Antes do anúncio do Moody’s — e já acostumado com a má vontade do setor financeiro desde que o metalúrgico nordestino resolveu desafiar a elite e se tornar presidente —, Lula declarou: “A economia brasileira está surpreendendo positivamente. Esta é a maior sorte que eu tenho. Ela está surpreendendo os homens do mercado externo, os homens do mercado interno e os pessimistas de plantão”. 

A ideologia do mercado

Partindo de uma avaliação desse cenário geral e em especial da nova nota obtida pelo Brasil, o professor Pedro Paulo Bastos, diretor do Centro de Estudos de Conjuntura e Política Econômica (CEcon), do Instituto de Economia da Unicamp, explica o que está embutido nas apostas do mercado. 

Um primeiro ponto é que “a maioria desses analistas tem uma ideologia de que o setor privado é muito melhor do que o público e que o Estado tem que diminuir de tamanho, inclusive para abrir espaço para que a oferta de serviços hoje oferecidos pelo governo passe a ser feita pelas empresas privadas.
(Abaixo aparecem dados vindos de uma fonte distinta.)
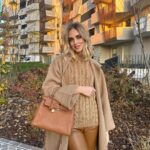 Chiara Ferragni Instagram - Oggi in sfumature di beige ✨ Il cappotto e la maglia a trecce che indosso sono entrambi di @falconeriofficial 💝 #adv #falconeri 🇬🇧 Today in shades of beige ✨ The coat and knit jumper I’m wearing are both from @falconeriofficial 💝 #adv #falconeri Milan, Italy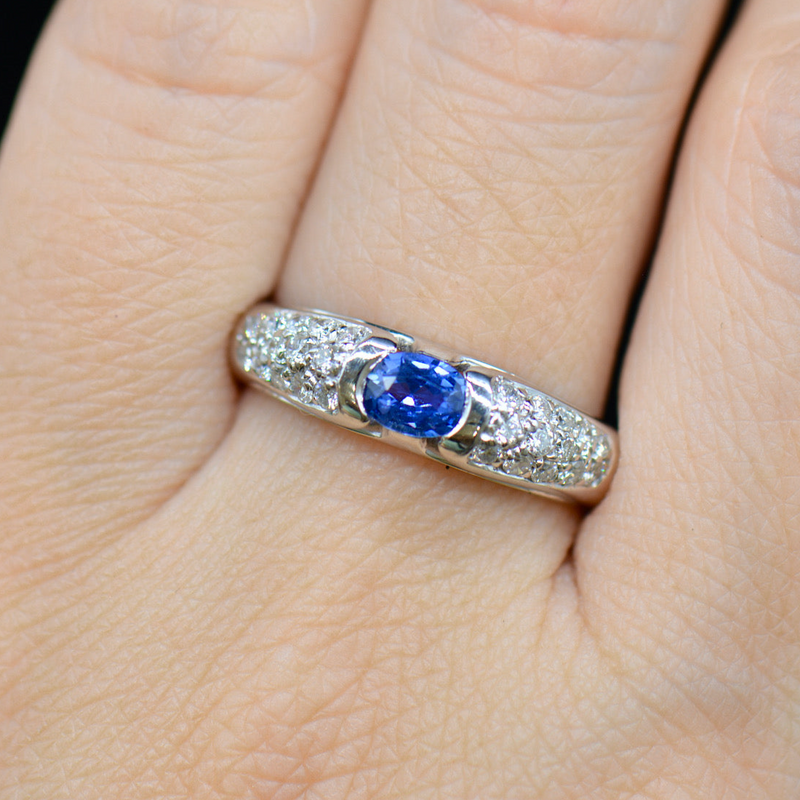 Cornflower Blue Sapphire & Diamond Pave Set Ring Band (1.15cts)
Então, partindo dessa visão, eles costumam avaliar erroneamente o impacto do gasto público, das políticas públicas, não só sobre o bem-estar da população, mas sobre o próprio crescimento econômico”, pontua. 

Com base nessa premissa, lembra Bastos, toda vez que os governos de esquerda “favoreceram o aumento de salários, benefícios e políticas sociais em geral — o que aumenta a renda disponível para a população assalariada, sobretudo aquela fatia que depende mais de benefícios públicos —, esses analistas consideraram que isso prejudicaria o crescimento econômico porque aumentaria o custo das empresas, eventualmente diminuindo o investimento e podendo provocar inflação e elevação da taxa de juros”. 

No entanto, a verdade é que essa melhoria de renda “aumenta a demanda para as empresas na medida em que um contingente maior da população passa a ter recursos para gastar. Tudo isso estimula o crescimento econômico, ao contrário do que é considerado por esses analistas”.

Mas, há outro aspecto fundamental que demarca o posicionamento tradicional do mercado. “Quando eles erram, significa que eles podem perder dinheiro. Então, eles fazem também um movimento de influenciar opiniões para mover o mercado e a política econômica numa direção que os impeça de perder dinheiro, ou seja, que vá na direção das apostas que eles fizeram, mesmo que essas apostas sejam erradas”. 

O peso das agências

Por fim, outra ponderação importante feita pelo professor diz respeito aos pontos em comum e divergentes que marcam as avaliações de agências como a Moody’s, que também é um agente do mercado, e as dos analistas brasileiros em geral.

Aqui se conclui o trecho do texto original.